No, ATR is not undergoing a drastic 180-degree reversal of all that we stand for. The above title is a quote that came from Mark Dayton, the former United States Senator and 2010 gubernatorial candidate from Minnesota. He and other Democratic-Farmer-Labor Party (Minnesota’s version of the Democrat Party) candidates spoke at an AFL-CIO forum the other day. Several of the candidates echoed Dayton’s sentiments. State Representative Tom Rukavina wants to add a five-to-ten percent income tax surcharge. Minneapolis Mayor and rumored 2010 candidate R.T. Rybek asserted that wealthy Minnesotans “have to pay a larger share of the burden. There’s no question about it.”

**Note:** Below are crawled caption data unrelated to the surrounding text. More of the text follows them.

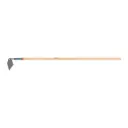 Azadón jardinero Classic mango madera 54" | Truper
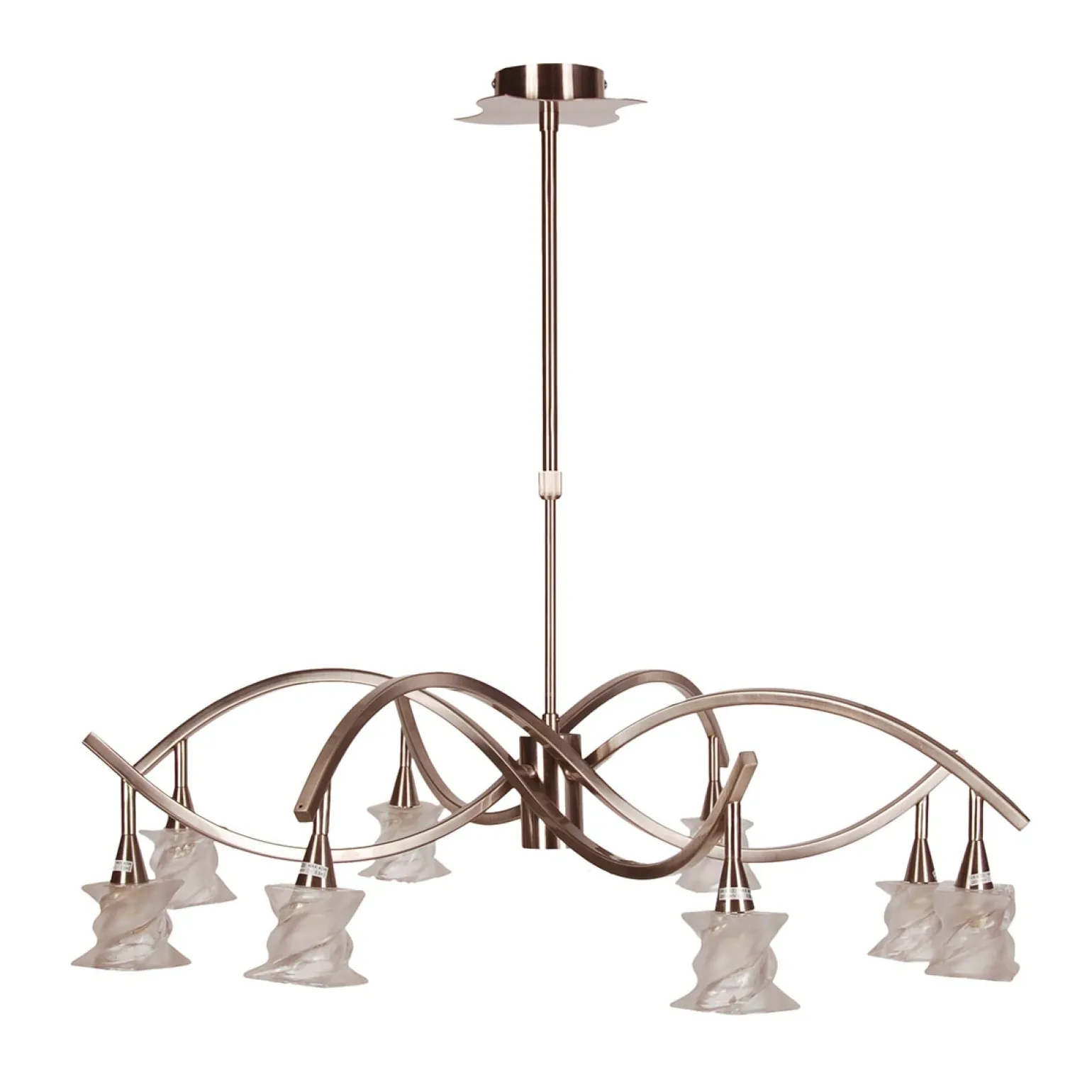 Sklep Kaja Lampa sufitowa K-MA00406C/8SN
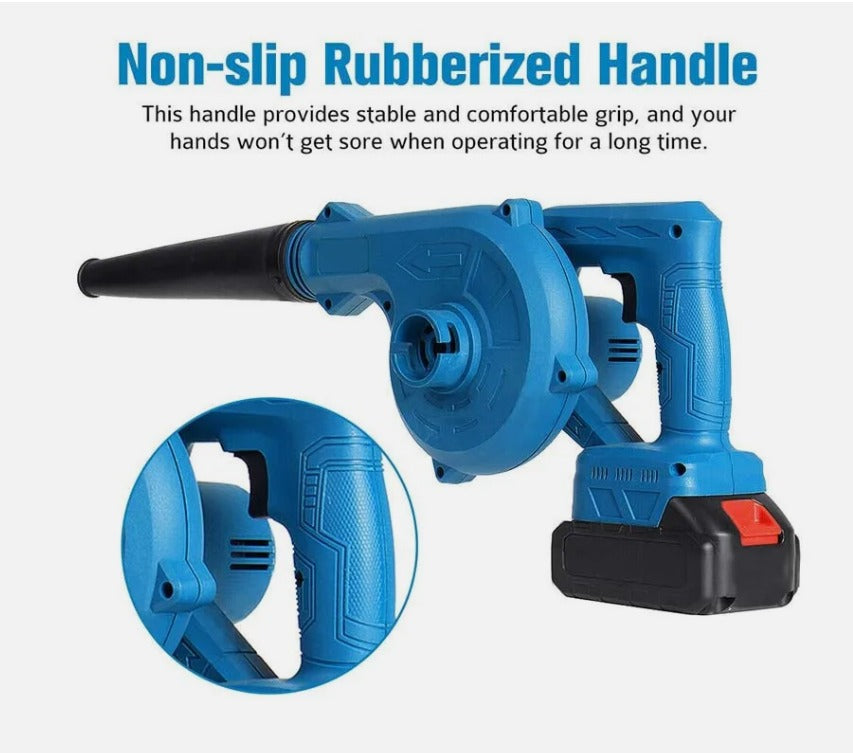 48V Rechargeable Lithium Air Blower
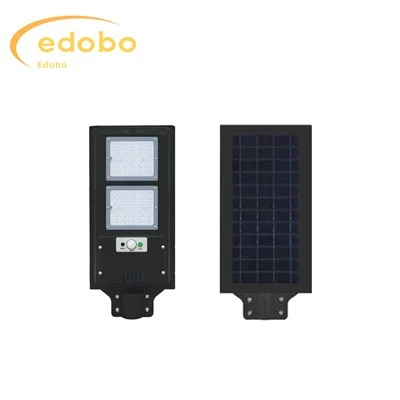 Luces LED con energía solar para exteriores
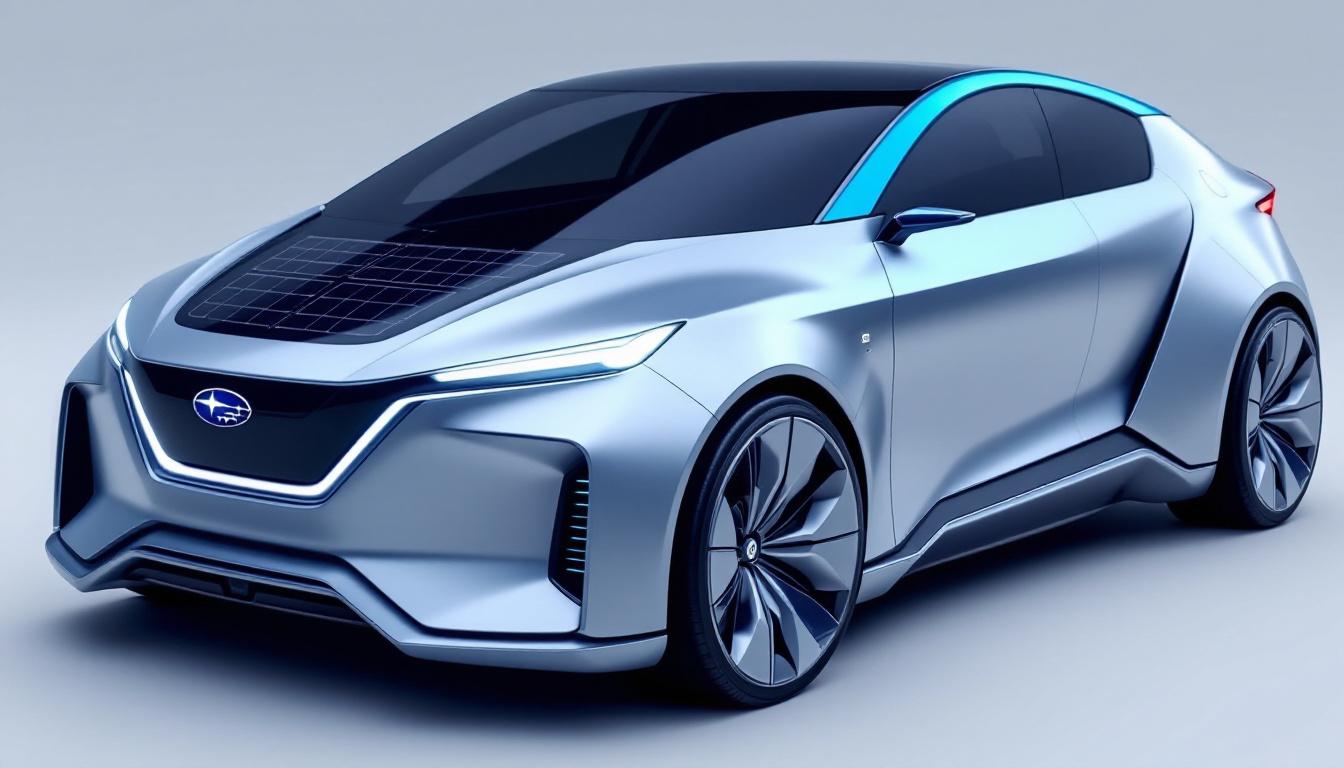 découvrez le retour spectaculaire de subaru avec trois modèles électriques innovants qui allient performance, technologie de pointe et respect de l'environnement. plongez dans l'avenir de l'automobile électrique avec subaru.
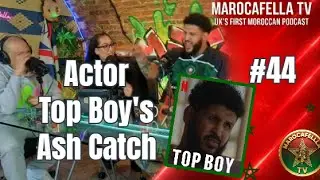 MFL PODCAST S4 E10   Top Boy's Ash Catch enters the chat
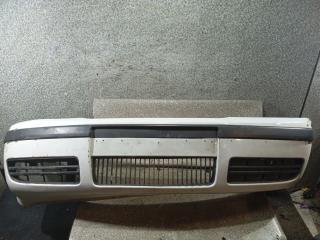 бампер передний Skoda Octavia 1 поколение (A4) [рестайлинг] (2000 - 2010)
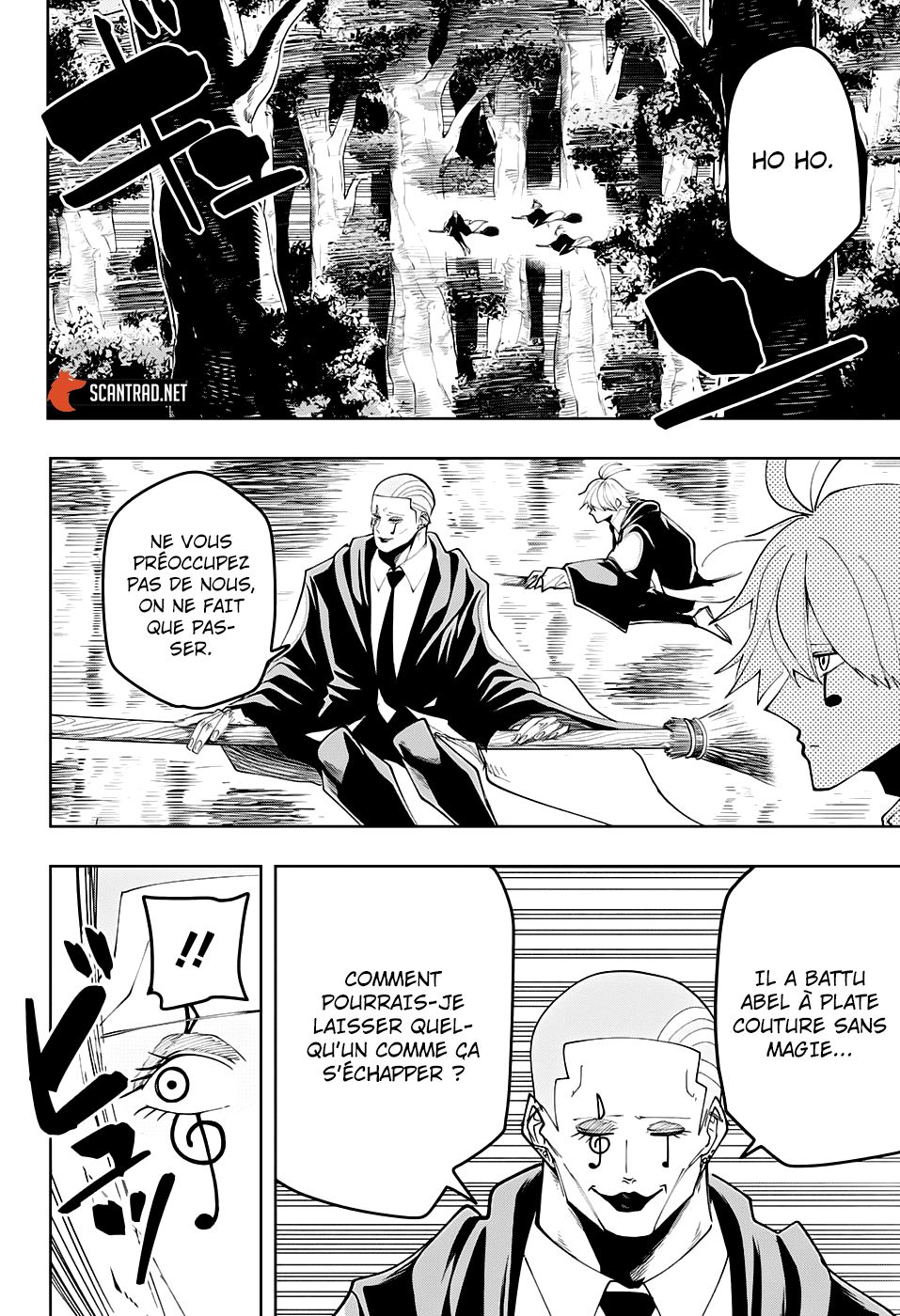 Read Mashle_ Magic and Muscles FR Manga Online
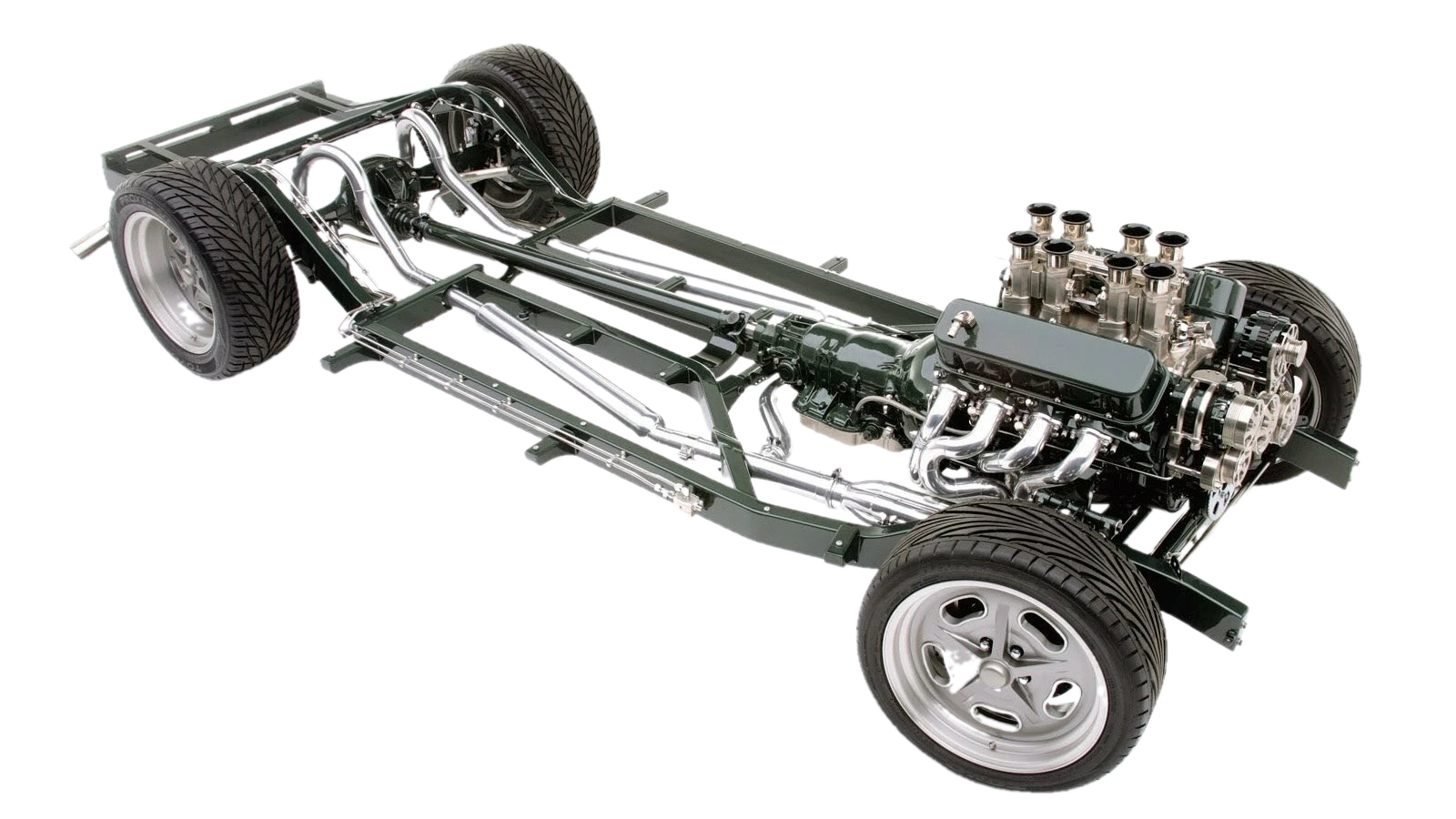 Ходовая часть Lifan Solano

One candidate offered insight into the reasoning behind these tax hikes: Steve Kelley explained that “We have a structural budget deficit, and we need to raise additional revenue”. There are two reasons that raising taxes are not the answer to a structural budget deficit. The first is that a bigger pool of money does not fix overspending problems, it simply enables more overspending. There are more effective reforms that the state can do to fix shortfalls (see this post for some ideas that California created).
 
The second is that people and capital are mobile. Raising taxes on the wealthy will simply make the wealthy move. From 1997 to 2007, the ten highest taxing states lost over 3 million residents, who moved to states with lower tax burdens. This translates into a loss of $85 billion in aggregate income from those that left.  Minnesota already has the sixth highest individual income tax in the country, according to a report just released by the Minnesota Taxpayers Association. At the Federal level, tax codes are already too progressive. Any further tax hikes at the state level would only compound this problem.
 
It is the wealthy that invest and create long-term economic growth, which translates into jobs for the rest of us. A further increase on their tax burden hinders their ability to do so. Worse yet, such misguided policy pushes them from the state altogether. Tax increases are never the answer for budget deficits; tax code reform and responsible budgets are.